- [Work to be completed]: Lower down are entries containing pictures. Copy exactly, without those pictures, the lines from the line with "Floor plan for 1 bed, 1 bath, 755 sqft" through the line with "Number 6 - Floral Number 6 Transparent PNG".

- [Extracted entries]:

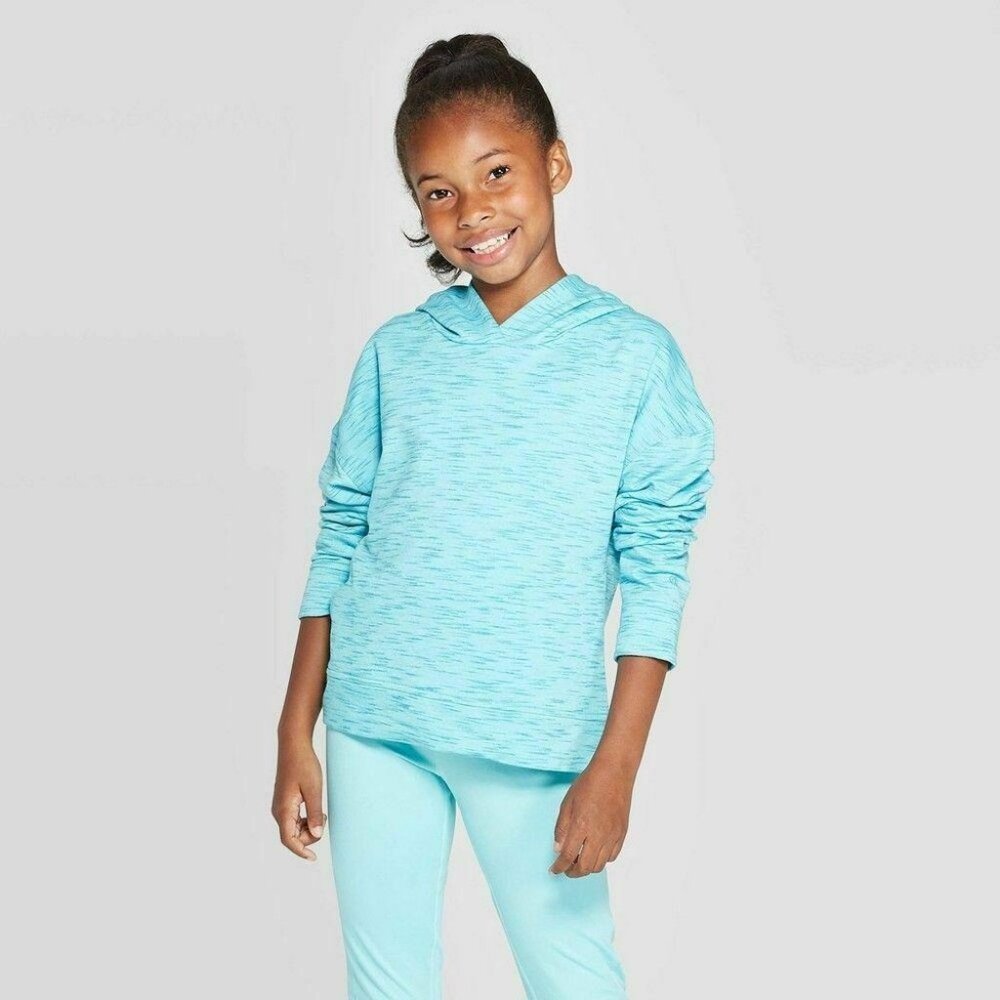 Medium Girl's Brushed Back Breathable Stretch Hoodie 7/8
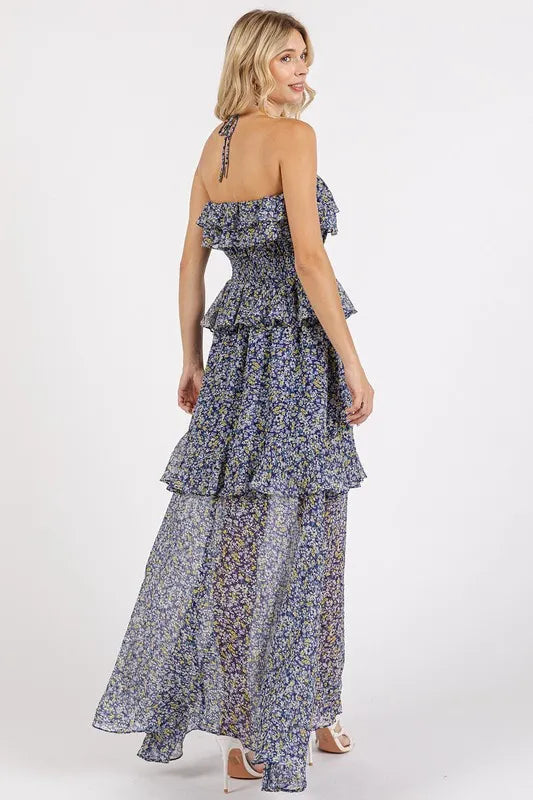 Mittoshop Ruffled Smocked Floral Halter Neck Maxi Dress - Blushé Belle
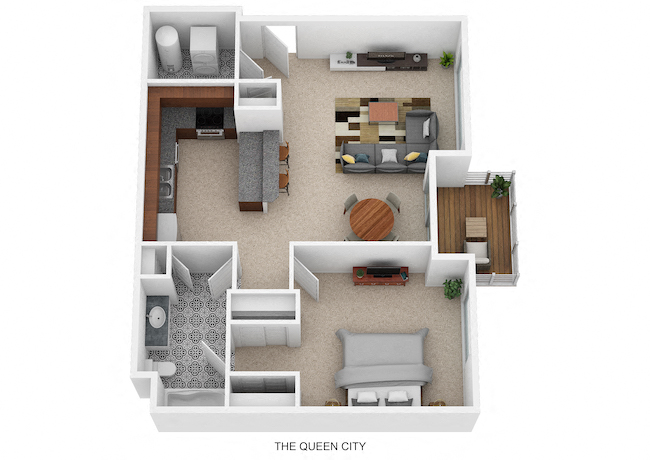Floor plan for 1 bed, 1 bath, 755 sqft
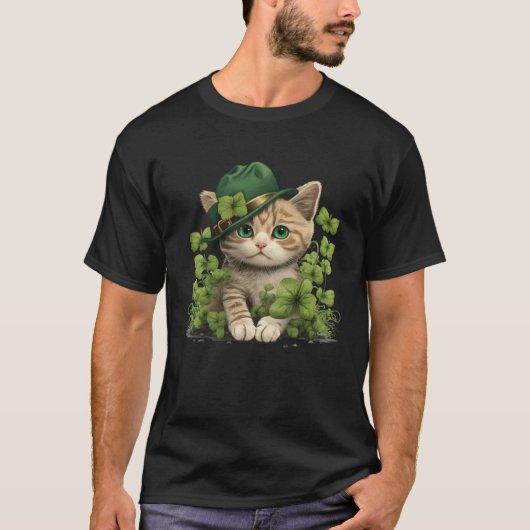 Lucky Green Proud Irish St Patricks Day Cat  1 Tシャツ (正面)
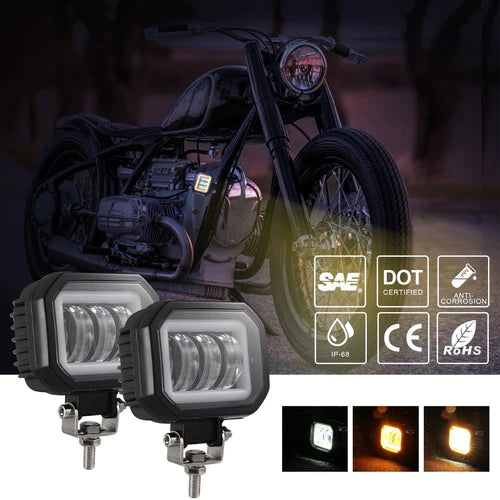 Square Angel Eyes Headlights For Auto Motorcycle 2 Pcs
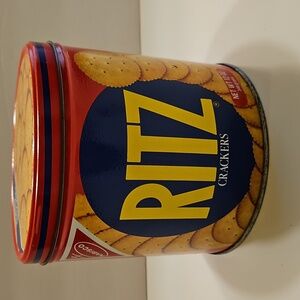 Vintage 1982 Nabisco RITZ Crackers Tin 12 oz Round Metal Canister With Lid 6”H
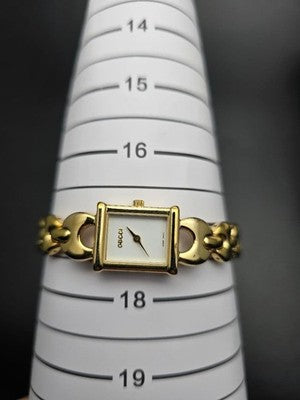 GUCCI 1800L VINTAGE WATCH W/ 2 EXTRA STRAPS & BOX GOLD PLATED SWISS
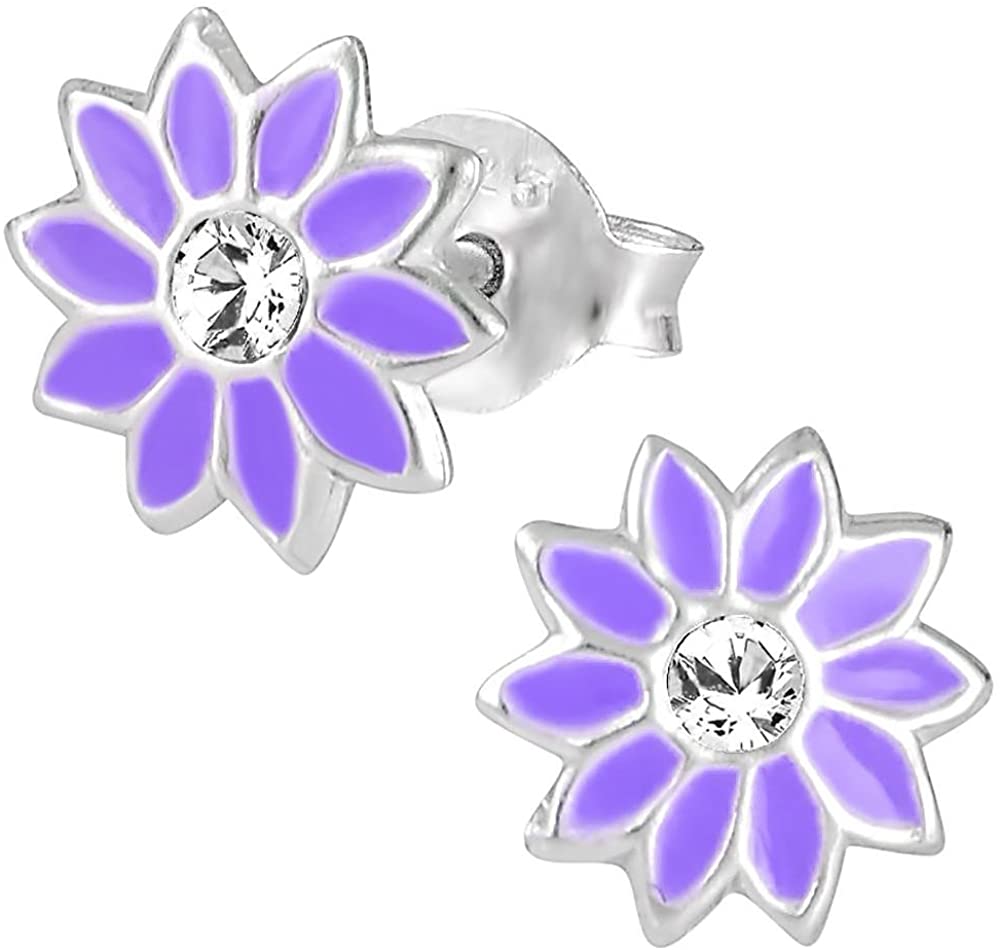 Hypoallergenic Sterling Silver Purple Jeweled Sun Flower Stud Earrings for Kids (Nickel Free)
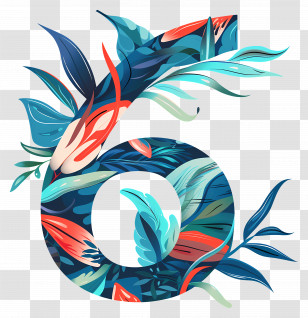 Number 6 - Floral Number 6 Transparent PNG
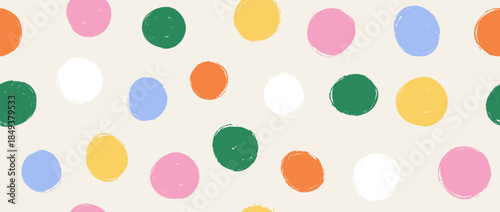 Bright birthday polka dot seamless pattern. Repeated round painted confetti background. Cute colorful dotted wallpaper for Easter wrapping paper, birthday decoration, kid bday nursery decor. Vector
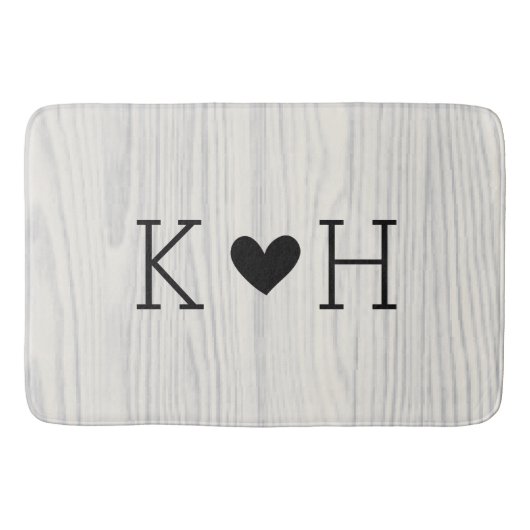 Woodgrain Couple's Initialen Personalized Wedding Badmat (Voorkant)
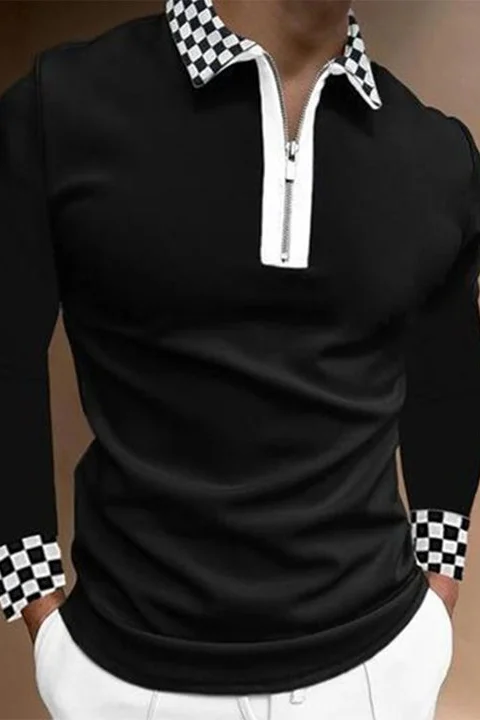 Tiboyz Men's Patchwork Lapel Plaid Long Sleeve Polo Shirt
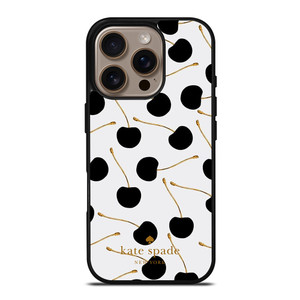 KATE SPADE NEW YORK LOGO BLACK CHERRIES iPhone 16 Pro Case Cover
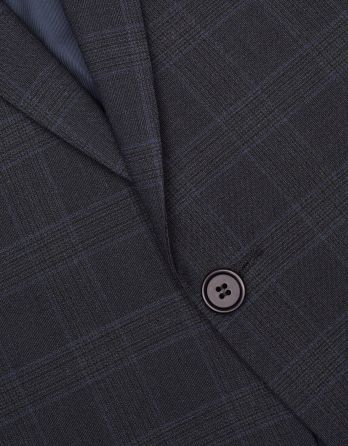 Marynarka do zestawu affori w kratę grafit slim fit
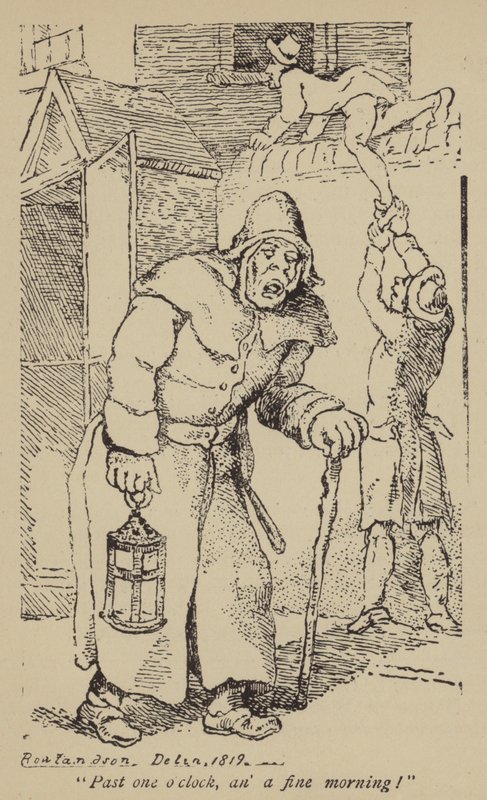 Over klokken et, jeg er en god morgen! af Thomas Rowlandson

- [Response to the task]:
Floor plan for 1 bed, 1 bath, 755 sqft
 Lucky Green Proud Irish St Patricks Day Cat  1 Tシャツ (正面)
 Square Angel Eyes Headlights For Auto Motorcycle 2 Pcs
 Vintage 1982 Nabisco RITZ Crackers Tin 12 oz Round Metal Canister With Lid 6”H
 GUCCI 1800L VINTAGE WATCH W/ 2 EXTRA STRAPS & BOX GOLD PLATED SWISS
 Hypoallergenic Sterling Silver Purple Jeweled Sun Flower Stud Earrings for Kids (Nickel Free)
 Number 6 - Floral Number 6 Transparent PNG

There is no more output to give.